嘉靖四十一年的浙江,青苗長了數寸高,正是需要水的時候,但新安江“所有的堰口都被堵住了,上天恩賜的新安江水被兩岸的大堤夾著白白地向下奔流”,大堤上全是挎刀的兵,還有一眼望不到頭的跪著的百姓,“個個臉上全是絕望”。
打死也想不到,這是杭州知府馬寧遠帶著屬下的淳安知縣常伯熙、建德知縣張知良正在強制推行改稻為桑的國策。
![]()
他這類人,屬于上級部署的工作必須不折不扣執行,但這項工作本身有沒有問題,他認為是不必考慮的。
堵住了堰口還不算,馬寧遠還要驅動騎兵“踏苗”。
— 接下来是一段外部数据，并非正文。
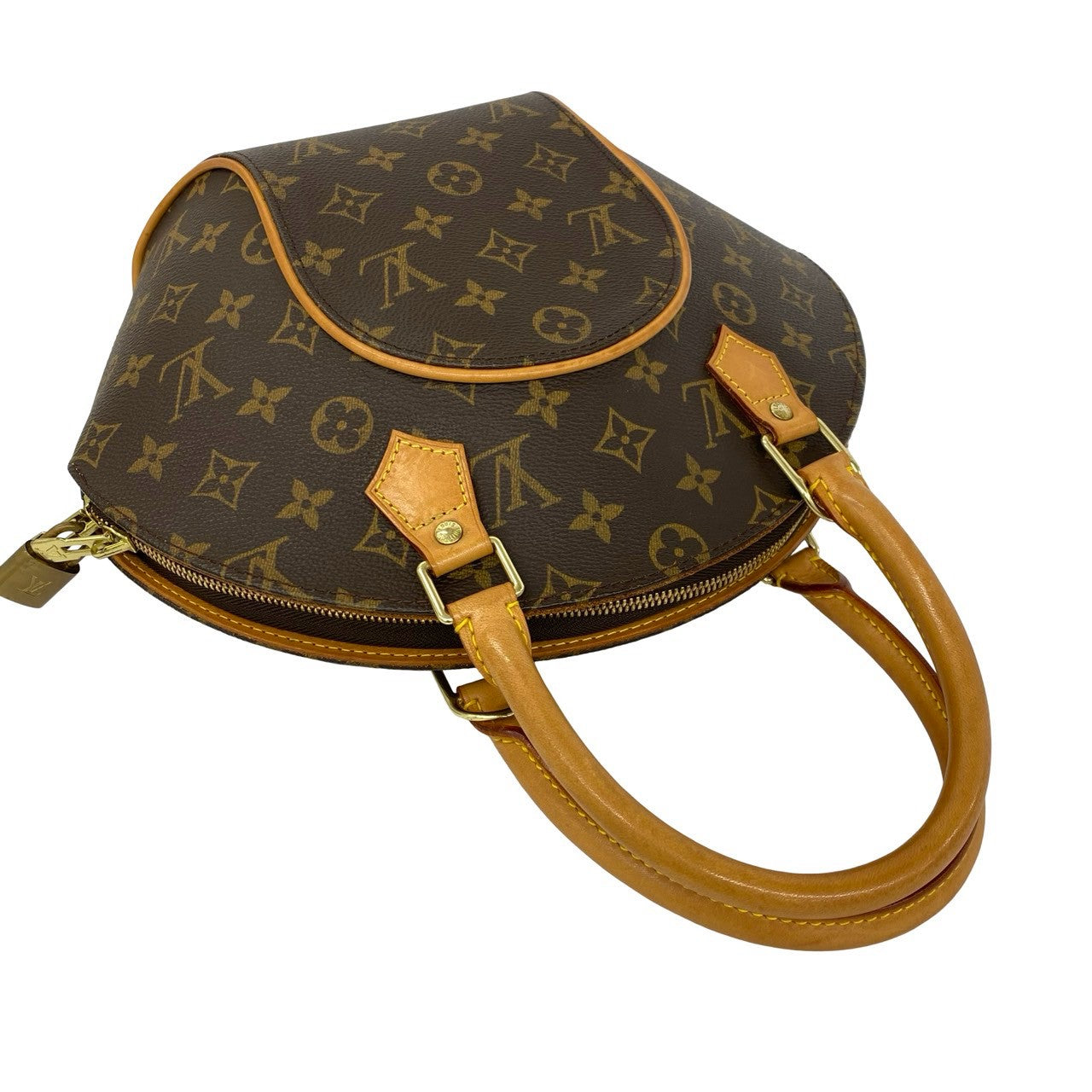 LOUIS VUITTON ルイヴィトン (Vintage) エリプス PM ハンドバッグ 4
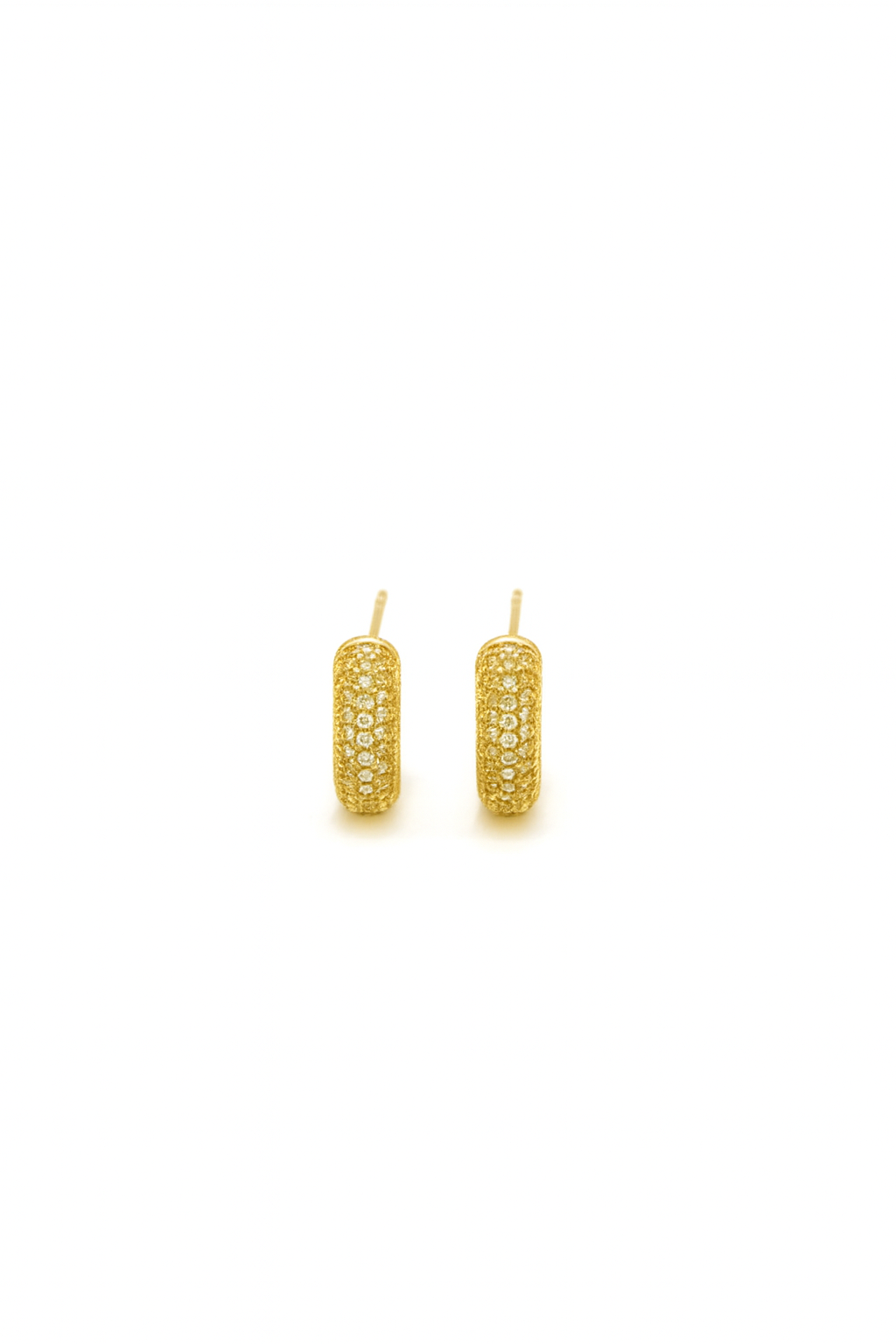 BOUCLES D'OREILLES ALBANE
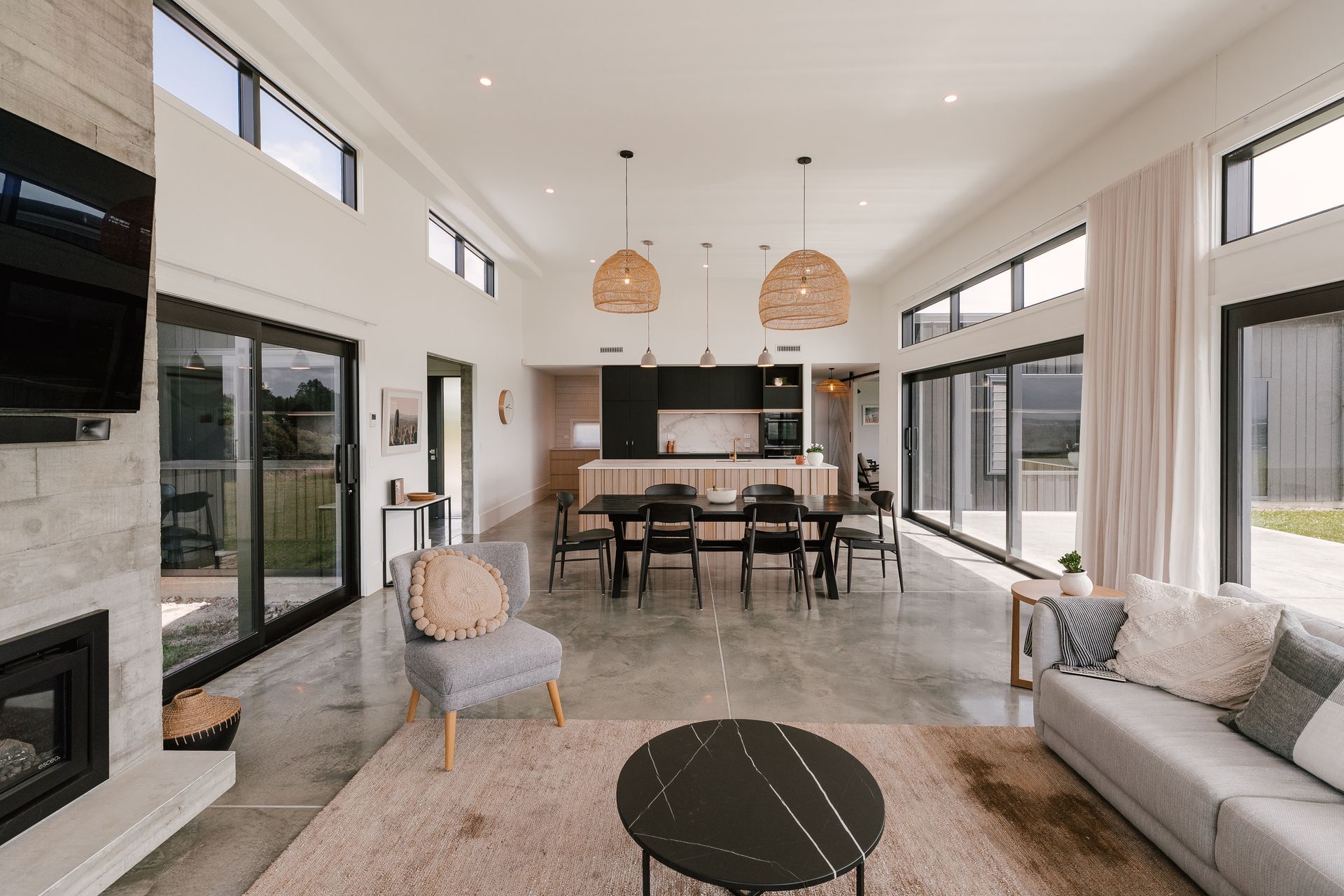 Branksome Place - Nicola Ross Design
下面是書中的一段話:
馬隊驅動了,無數只翻盞般的馬蹄排山倒海般掠去。不是戰場,也沒有敵兵,馬蹄下是干裂的農田,是已經長有數寸高的青苗。雜沓的馬蹄聲中,無數人的哭聲接踵而起。馬隊踏過一丘苗田,又排山倒海般踏向另一丘苗田。
寫得驚心動魄,然而不是在打仗,而是在踏農田青苗!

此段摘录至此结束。